Wednesday, December 07, 2005

After meeting with my supervisor

Still survive!!!
We already discussed about the possible combination of the 4 results from 4 methods.
He said what I wrote should be correct. Hooley!
So that means 15 combinations as I posted before.
The reason for this is the answer that I am not quite sure yet but I got some idea from a guy in Pantip (HotChoc). The following sentences is what he said:

"You can view the problem as putting letters (a,b,c,d) into slots (1,2,3,4).
The letter you pick first is not important, but the position is.

There are 4 'big' cases:
  1. all 4 slots are occupied by the letter you pick. In this case, the number of results is 4C4 = 4!/(4-4)!4! = 1. 4C4 means from 4 slots, pick 4 slots to be occupied by the letter.
  2. 3 slots are occupied by the letter picked. Number of results is 4C3 (its a combination because order is not important; the letter goes into slot 1,2,3 is the same as 2,3,1). 4C3 = 4!/(4-3)!1! = 4
  3. 2 slots are occupied by the letter picked. Number of results is 4C2 = 6. the remaining 2 slots can have 2 more cases...both slots occupied by the same letter: 2C2 = 1 and 1 slot occupied by one letter 2C1 = 2. so total results is 6 * (2+1) = 18.
    But that is wrong. because the case where 1 of the remain two slots occupied by 1 letter is duplicated: aabc is the same as aacb. so instead of 2C1 = 2, we must somehow deduct the duplicate and make it = 1.
  4. Another problem is that the case where the remain 2 slots occupied by 1 letter...
    this is in fact the mirror image of the big case so there are more duplicates.
    axay and xaya will be the same if x = y.

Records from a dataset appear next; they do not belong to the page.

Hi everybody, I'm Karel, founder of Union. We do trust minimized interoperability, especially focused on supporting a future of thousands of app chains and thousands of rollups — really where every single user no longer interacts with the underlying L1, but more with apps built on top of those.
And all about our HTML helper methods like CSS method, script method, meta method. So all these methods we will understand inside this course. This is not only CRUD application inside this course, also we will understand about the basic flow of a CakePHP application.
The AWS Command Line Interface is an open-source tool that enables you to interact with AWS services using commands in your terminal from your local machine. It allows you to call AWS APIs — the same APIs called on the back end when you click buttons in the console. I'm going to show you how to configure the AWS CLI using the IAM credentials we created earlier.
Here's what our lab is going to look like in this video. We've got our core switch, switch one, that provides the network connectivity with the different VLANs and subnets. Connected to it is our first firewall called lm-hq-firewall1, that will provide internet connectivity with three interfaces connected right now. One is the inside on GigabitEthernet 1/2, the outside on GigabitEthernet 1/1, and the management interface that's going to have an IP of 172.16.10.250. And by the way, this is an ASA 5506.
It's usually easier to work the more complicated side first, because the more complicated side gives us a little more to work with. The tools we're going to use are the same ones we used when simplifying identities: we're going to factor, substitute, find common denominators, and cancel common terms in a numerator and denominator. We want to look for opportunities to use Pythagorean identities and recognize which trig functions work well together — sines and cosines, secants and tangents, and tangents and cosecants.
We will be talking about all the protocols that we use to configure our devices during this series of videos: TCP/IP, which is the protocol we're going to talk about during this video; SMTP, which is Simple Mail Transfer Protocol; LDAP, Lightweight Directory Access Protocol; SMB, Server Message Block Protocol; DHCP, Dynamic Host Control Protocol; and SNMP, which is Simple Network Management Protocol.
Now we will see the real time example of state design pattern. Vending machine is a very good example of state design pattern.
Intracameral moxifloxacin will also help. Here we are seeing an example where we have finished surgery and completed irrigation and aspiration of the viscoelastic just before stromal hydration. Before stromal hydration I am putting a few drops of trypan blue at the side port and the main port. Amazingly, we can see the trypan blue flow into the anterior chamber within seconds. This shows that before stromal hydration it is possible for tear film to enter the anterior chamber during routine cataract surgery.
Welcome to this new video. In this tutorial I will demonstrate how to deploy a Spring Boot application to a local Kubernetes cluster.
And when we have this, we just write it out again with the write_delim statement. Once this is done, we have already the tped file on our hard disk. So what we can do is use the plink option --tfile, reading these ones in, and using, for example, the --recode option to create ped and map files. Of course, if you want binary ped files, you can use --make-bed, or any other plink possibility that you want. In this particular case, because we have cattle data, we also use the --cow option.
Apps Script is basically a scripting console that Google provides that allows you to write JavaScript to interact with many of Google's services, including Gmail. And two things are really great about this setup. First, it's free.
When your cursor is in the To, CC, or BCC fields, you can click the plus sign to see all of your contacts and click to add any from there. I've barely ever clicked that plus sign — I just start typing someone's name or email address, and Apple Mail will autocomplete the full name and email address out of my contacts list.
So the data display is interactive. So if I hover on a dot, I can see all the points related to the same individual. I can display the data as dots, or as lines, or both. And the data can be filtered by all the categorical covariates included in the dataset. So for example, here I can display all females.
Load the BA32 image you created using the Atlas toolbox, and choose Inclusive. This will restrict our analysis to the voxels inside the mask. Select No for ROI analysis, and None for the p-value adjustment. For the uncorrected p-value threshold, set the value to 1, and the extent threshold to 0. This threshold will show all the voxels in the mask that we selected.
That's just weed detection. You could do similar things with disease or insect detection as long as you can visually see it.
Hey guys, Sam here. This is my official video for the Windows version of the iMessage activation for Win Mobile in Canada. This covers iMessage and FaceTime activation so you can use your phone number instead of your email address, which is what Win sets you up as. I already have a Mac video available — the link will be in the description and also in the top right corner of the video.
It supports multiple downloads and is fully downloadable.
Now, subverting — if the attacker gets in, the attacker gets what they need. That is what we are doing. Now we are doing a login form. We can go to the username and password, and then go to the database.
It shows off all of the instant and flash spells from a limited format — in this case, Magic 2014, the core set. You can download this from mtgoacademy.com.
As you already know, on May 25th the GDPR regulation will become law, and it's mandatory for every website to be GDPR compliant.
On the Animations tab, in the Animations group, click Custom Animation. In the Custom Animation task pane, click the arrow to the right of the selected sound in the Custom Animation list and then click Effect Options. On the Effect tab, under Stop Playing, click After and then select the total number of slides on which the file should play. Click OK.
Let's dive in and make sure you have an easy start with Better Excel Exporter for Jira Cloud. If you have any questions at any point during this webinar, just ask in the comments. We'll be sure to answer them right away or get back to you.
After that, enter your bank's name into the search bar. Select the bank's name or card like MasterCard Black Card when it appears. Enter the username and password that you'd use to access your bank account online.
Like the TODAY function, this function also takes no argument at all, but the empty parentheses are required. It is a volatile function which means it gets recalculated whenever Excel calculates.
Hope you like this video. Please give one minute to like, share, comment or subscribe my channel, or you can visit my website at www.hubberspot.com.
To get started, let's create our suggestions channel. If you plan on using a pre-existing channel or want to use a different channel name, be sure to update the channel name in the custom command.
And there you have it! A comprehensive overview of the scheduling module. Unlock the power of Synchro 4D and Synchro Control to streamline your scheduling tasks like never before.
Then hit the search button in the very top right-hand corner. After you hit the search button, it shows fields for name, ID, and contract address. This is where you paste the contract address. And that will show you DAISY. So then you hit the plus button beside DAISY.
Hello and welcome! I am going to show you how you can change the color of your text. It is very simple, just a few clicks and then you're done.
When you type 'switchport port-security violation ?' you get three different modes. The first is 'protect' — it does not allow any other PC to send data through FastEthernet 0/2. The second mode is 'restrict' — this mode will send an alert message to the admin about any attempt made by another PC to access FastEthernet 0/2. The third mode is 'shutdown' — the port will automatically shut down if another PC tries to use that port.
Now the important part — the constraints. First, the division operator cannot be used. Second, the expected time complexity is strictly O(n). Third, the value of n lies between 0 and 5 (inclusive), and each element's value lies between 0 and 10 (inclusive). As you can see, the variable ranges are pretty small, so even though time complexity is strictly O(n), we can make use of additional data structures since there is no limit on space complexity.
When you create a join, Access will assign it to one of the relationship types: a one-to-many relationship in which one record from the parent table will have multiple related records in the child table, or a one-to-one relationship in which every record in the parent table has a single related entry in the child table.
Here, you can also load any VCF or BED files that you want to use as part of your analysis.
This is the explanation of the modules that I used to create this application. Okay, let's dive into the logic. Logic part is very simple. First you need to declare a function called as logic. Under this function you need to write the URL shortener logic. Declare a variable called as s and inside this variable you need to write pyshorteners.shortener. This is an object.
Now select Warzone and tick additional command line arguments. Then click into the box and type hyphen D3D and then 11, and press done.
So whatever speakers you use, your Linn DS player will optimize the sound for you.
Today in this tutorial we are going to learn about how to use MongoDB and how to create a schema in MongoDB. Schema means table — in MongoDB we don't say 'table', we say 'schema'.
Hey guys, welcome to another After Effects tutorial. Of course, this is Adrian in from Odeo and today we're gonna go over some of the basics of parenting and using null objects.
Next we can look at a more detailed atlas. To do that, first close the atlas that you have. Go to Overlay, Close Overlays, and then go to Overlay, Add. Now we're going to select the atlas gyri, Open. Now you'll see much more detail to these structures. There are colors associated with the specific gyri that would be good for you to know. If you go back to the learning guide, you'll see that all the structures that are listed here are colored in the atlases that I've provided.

sorry i cannot think of an elegant solution right now. hopefully someone else can help or you can get some idea to continue it :)p.s. another option is to look at the problem as comparison like my post #7. you have 2^6 results. but of those results...there are some that will never happen (such as a=b, b=c a!=c). you have to deduct those out from 2^6."

Thanks for his comment!

Thursday, December 01, 2005

Future work within this few months

From the time planner in mini-thesis,
here is the list that have been done so far:

CART (Jul-Aug 05)
Done
  • install program and run with CMUDICT using 3 left and 3 right context letters
  • result for 10-fold cross validation = 58.48% words correct, 90.78% phonemes correct
  • result for leave-one-out = 59.40% words correct, 91.02% phonemes correct

Must do

  • Fine tune to find out the best result using 10-fold cross validation

Determine the effect of the different lexicon types (Sep-Oct 05)
Done

  • run table lookup I and II with 3 types of lexicon: common word, proper name, mix

Must do

  • run CART and Multi-strategy PbA with BEEP and BEEP+CMUDICT lexicon

Multi-strategy PbA
Done

  • implement and run with CMUDICT
  • result of the best combination for CMUDICT is 101010
  • run with CMUDICT to get the pronunciations for subjective evaluation

Permutation/Combination Problem

I am thinking about the possible combinations of the results from 3 methods plus 1 lexicon.
So it will be 4 pronunciations per name.
How many possible combinations of this 4 pronunciation will be?
First, I think it is a piece of cake problem.
Then, I realize that it's not easy to write the formula for this solution,
even I can list all posibilities manually.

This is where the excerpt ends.